There are more millionaires in North America than ever before. In fact, the number of Canadian households with over $1 million in assets jumped by 23% in 2021 alone. But being in the ‘millionaires’ club’ is not what it used to be.
Chubb–a world leader in insurance–asked 800 affluent North Americans about how they view their wealth, what is keeping them up at night, and what matters most. They found that while the number of affluent families is growing, they are actually feeling less wealthy and more insecure about their future
We had the opportunity to talk to Melanie Wilcox, Executive Vice President Personal Risk Services about Chubb’s inaugural wealth report.
According to Wilcox, one of the key insights in the report was that two-thirds of those surveyed say that building wealth today is more challenging than ever before.

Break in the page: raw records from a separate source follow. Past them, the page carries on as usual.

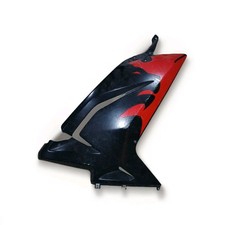 Carena laterale destra DX Aprilia Rs 50 / 125 DA RIPARARE O USO PISTA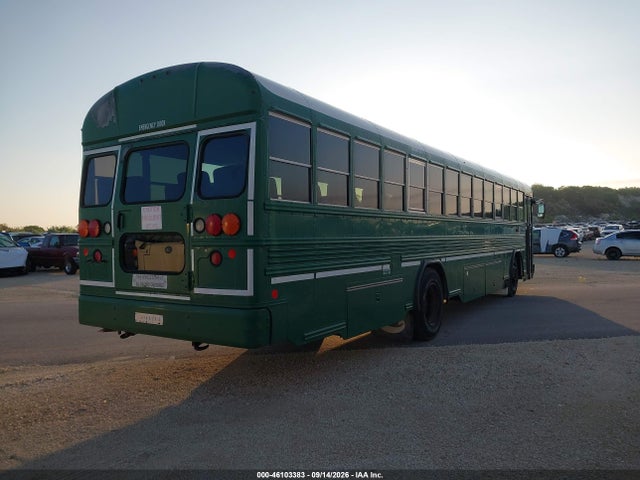 46103383 :رقم المزاد ، 1BABLCPA9EF304703 vin ، 2014 Blue Bird School Bus / Transit Bus مزاد بيع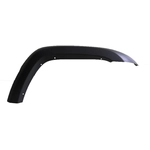 Order Passenger Side Front Fender Flare - CH1269114 For Your Vehicle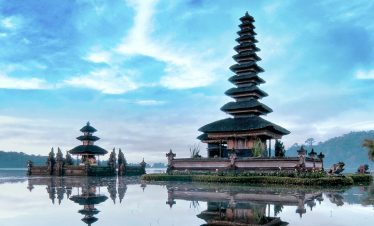 Water Temple, Bedugul - Bali
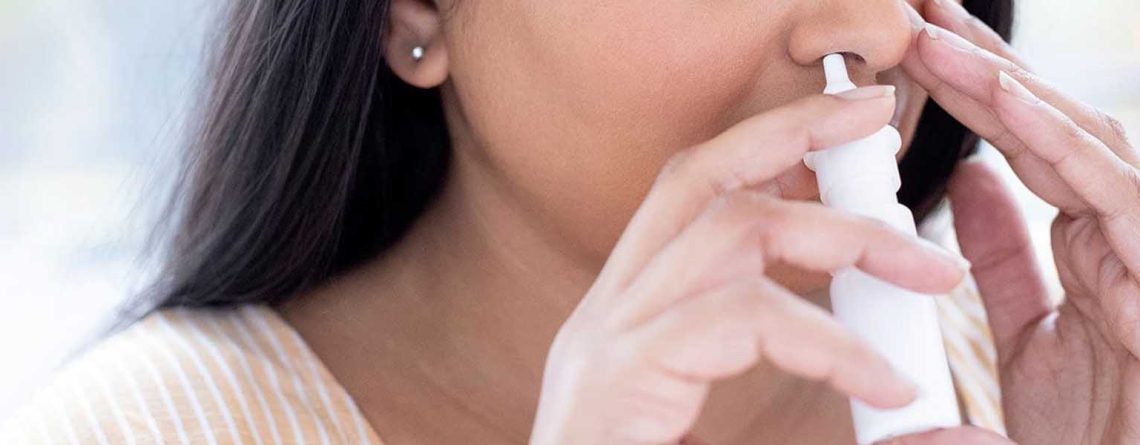 اسپری تنفسی چیست؟ انواع، نحوه مصرف و عوارض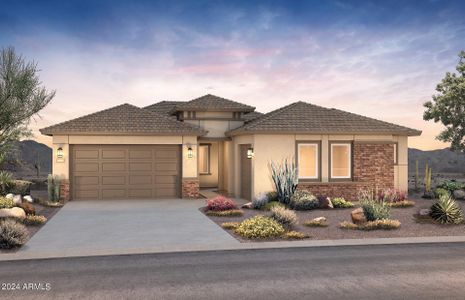 New construction Single-Family house 22460 E Orchard Lane, Queen Creek, AZ 85142 - photo 0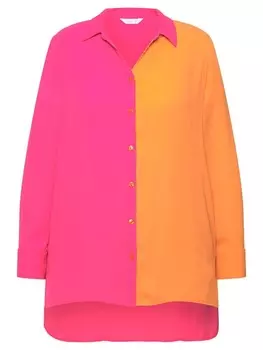 Блуза MIAMODA, цвет neon berry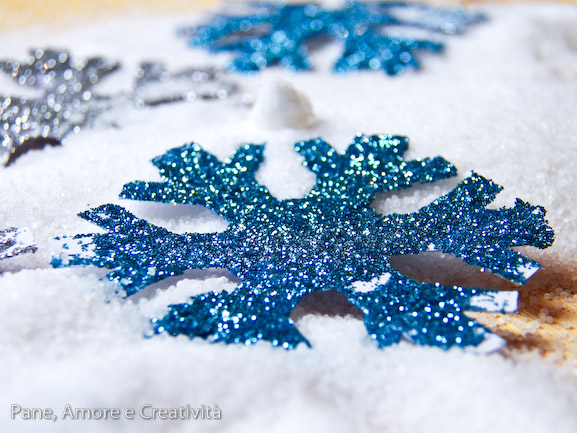 fiocco di neve costume frozen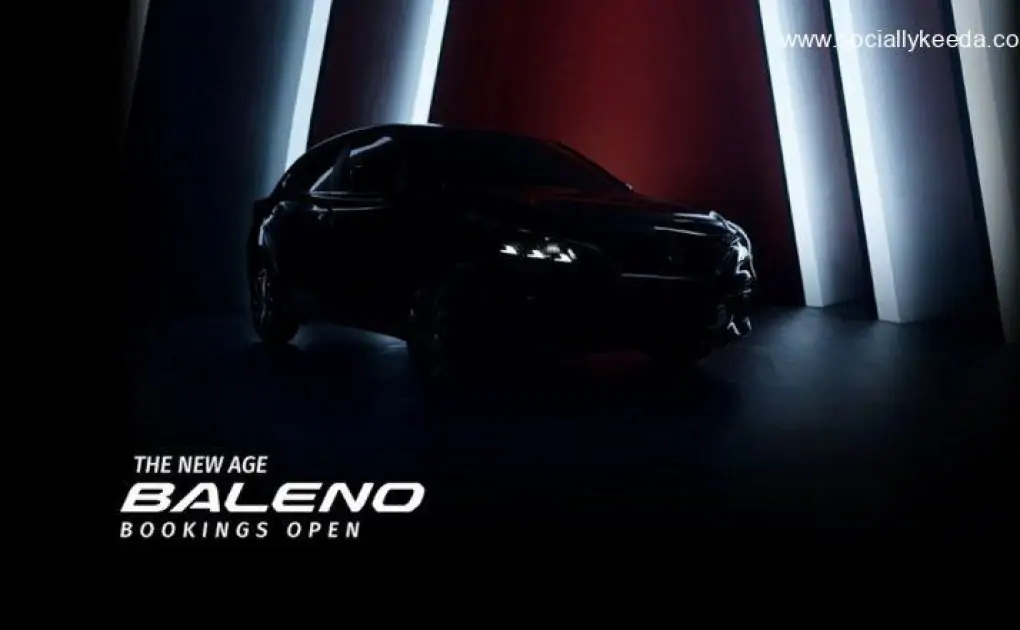 New Maruti Suzuki Baleno India Launch Date Set For February 23; Expected Prices, Features & Specifications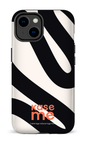 iPhone 14 Tough Gloss KaseMe Wave -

In fact, 68% do not even consider themselves wealthy, including many with investable assets of more than $10 million.
So why are affluent individuals feeling so insecure about their future?
When asked what is keeping the wealthy up at night, Wilcox pointed to factors like economic instability, inflation, and even changing weather patterns. Notably, 68% of people in Chubb’s survey listed damage to their property from weather-related events or climate change as a big threat to their wealth. After the wildfire season of 2023–the worst ever recorded–this concern is not surprising (Source: Global). In fact, weather damage–from wildfires to storms to deep freezes–is on the rise everywhere.
However, despite their increased level of fear, Chubb found that only 22% of respondents are actually taking the appropriate steps to protect themselves. That is a significant number of people who are worried, but not doing anything about it. According to Wilcox, there is a growing need to rethink how to protect what matters most to you with risk and insurance management strategies. If you are concerned about the threat of wildfires, for example, sitting down with an insurance agent to talk about your options is a great step. However, there are also practical things you can do to protect your home, including installing sprinklers, changing the type of roof you have, and clearing a defensible space around your home.
When asked about the barrier to getting appropriate protection, Wilcox says it comes down to knowledge. There is a growing gap between the risks that the wealthy perceive and their understanding of how best to protect themselves from those risks. And when you do not understand something or you do not like dealing with it, you avoid it. Many wealthy individuals put their insurance policies on auto-renew and do not give them another thought. Part of the problem is that people do not know which professionals to turn to. Only 52% of those surveyed work with an insurance advisor. Wilcox recommends checking in with an insurance advisor as often as you do with your wealth advisor. Touching base is especially important as your assets change; for example, when you purchase a vacation home or add to your fine art collection. An advisor can help you understand where the risks lie, what the likelihood of those risks are, and the cost to protect yourself against them.
Chubb’s wealth report also looked at how the wealthy are investing in their passions. Eight out of ten respondents reported being collectors of fine art, jewelry, cars, wine, and other valuables. Wilcox points out that protecting those passions is often overlooked, though very important. She recommends staying connected to the right advisors, ensuring the valuations of your collections are up-to-date, and engaging specialists to ensure your passion projects are protected (for example, making sure valuable artwork is properly secured to your walls).
We, of course, had to ask Wilcox about the most interesting collection she had ever come across. Her answer? There have been a lot of amazing cars, but a collection of dinosaur bones is probably the most memorable.